PŚ w Bad Mittendorf: Kubacki traci pozycję lidera. Żyła czwarty w Bad Mittendorf

Halvor Egner Granerud wygrał pierwszy w tym sezonie konkurs na mamuciej skoczni. Najlepszy okazał się na Kulm i został właścicielem żółtej koszulki Pucharu Świata.


Pierwsza seria konkursu dostarczyła wielu emocji. Jako pierwszy z Polaków zaprezentował się Aleksander Zniszczoł, który trafił na bardzo dobre warunki i je wykorzystał. Z 10 platformy startowej uzyskał 222,5 metra, a taka odległość finalnie dała mu bardzo dobre, 10. miejsce po pierwszej serii. Warto podkreślić, że urodzony w Cieszynie skoczek ustanowił rekord życiowy. Następnym z naszych był Kamil Stoch, ale wcześniej kilku zawodników z innych krajów spisało się wręcz rewelacyjnie. Tradycyjnie dobrze na mamucich skoczniach radzą sobie Słoweńcy i to właśnie jeden z nich, Domen Prevc, pokazał się ze znakomitej strony. Osiągnął 236 metrów i objął prowadzenie.

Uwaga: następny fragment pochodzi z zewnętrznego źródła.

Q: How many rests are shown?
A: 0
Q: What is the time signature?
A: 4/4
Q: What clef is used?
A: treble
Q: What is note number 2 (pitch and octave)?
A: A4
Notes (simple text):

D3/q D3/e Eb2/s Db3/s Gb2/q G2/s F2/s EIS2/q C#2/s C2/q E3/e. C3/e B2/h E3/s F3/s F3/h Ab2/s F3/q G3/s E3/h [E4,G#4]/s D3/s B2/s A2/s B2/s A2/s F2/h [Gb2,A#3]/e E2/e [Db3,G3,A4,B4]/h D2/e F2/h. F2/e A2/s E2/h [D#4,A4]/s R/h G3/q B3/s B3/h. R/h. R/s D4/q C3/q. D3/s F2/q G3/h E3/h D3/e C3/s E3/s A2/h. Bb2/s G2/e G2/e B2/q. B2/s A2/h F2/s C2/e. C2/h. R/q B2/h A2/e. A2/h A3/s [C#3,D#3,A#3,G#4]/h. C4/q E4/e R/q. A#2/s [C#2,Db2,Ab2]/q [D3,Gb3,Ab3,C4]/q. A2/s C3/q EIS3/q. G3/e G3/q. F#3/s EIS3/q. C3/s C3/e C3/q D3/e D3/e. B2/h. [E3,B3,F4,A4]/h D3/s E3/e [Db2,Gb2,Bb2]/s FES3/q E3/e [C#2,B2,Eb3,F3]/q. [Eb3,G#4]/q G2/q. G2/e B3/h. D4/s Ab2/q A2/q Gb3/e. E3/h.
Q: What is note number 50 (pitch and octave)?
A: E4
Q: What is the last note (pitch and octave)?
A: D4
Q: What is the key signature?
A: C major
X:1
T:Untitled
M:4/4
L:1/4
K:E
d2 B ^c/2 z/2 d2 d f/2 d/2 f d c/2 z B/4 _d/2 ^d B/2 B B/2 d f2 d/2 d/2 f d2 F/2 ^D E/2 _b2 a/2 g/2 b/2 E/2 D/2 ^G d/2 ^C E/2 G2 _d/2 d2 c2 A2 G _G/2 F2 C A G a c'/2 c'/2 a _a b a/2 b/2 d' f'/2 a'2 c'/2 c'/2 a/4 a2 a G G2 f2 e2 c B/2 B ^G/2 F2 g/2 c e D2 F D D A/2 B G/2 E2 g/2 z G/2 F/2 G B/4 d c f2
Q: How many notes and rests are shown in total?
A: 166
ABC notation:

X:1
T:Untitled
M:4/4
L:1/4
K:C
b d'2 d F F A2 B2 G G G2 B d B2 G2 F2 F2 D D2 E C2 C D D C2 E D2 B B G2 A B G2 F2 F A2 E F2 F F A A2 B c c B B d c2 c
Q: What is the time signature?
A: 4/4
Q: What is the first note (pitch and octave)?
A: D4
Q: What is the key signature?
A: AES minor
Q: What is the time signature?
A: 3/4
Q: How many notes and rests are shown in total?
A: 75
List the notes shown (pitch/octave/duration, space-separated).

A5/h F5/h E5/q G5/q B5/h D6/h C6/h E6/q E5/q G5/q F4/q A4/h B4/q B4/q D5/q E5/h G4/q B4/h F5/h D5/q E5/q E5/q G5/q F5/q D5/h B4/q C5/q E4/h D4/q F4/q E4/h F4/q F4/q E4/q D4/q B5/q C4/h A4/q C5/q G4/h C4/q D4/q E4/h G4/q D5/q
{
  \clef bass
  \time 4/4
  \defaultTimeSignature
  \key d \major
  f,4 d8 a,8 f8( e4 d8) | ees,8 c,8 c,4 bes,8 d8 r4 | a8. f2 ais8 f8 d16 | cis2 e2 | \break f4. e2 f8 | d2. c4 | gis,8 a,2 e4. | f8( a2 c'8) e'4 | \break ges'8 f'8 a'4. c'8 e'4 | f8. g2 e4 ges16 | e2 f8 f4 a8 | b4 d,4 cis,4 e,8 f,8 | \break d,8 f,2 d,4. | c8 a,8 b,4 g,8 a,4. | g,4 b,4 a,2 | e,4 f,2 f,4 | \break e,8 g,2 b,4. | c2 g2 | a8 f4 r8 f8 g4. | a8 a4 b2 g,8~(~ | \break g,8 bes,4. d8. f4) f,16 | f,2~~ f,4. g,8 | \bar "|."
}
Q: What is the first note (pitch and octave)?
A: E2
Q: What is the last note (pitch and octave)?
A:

Zdecydowanie słabiej poradził sobie Kamil Stoch. Trzykrotny mistrz olimpijski uzyskał zaledwie 186,5 metra i nie było mowy o tym, że zajmować będzie po pierwszej odsłonie konkursu wysoką lokatę. Taki wynik dał mu dopiero 20. lokatę po pierwszej serii. Dużo lepiej spisał się Piotr Żyła. Wiślanin potwierdził, że bardzo dobrze czuje się na mamucich skoczniach. Wprawdzie miał sporo punktów odjętych za wiatr, ale 233,5 metra oznaczało, że po pierwszej serii będzie w czołówce. Metr bliżej skoczył następnie Stefan Kraft, ale otrzymał znacznie lepsze noty za styl i wskoczył w klasyfikacji przed Polaka. To jednak nic w porównaniu z tym, na co zdobył się Halvor Egner Granerud. Norwego huknął 238 metrów i objął prowadzenie. Niestety skaczący po nim Dawid Kubacki nawet nie zbliżył się do takiego rezultatu. Mało tego. Lider Pucharu Świata nie doleciał do dwusetnego metra. Zabrakło mu do tej bariery 5,5 metra i po premierowej odsłonie konkursu był dopiero piętnasty.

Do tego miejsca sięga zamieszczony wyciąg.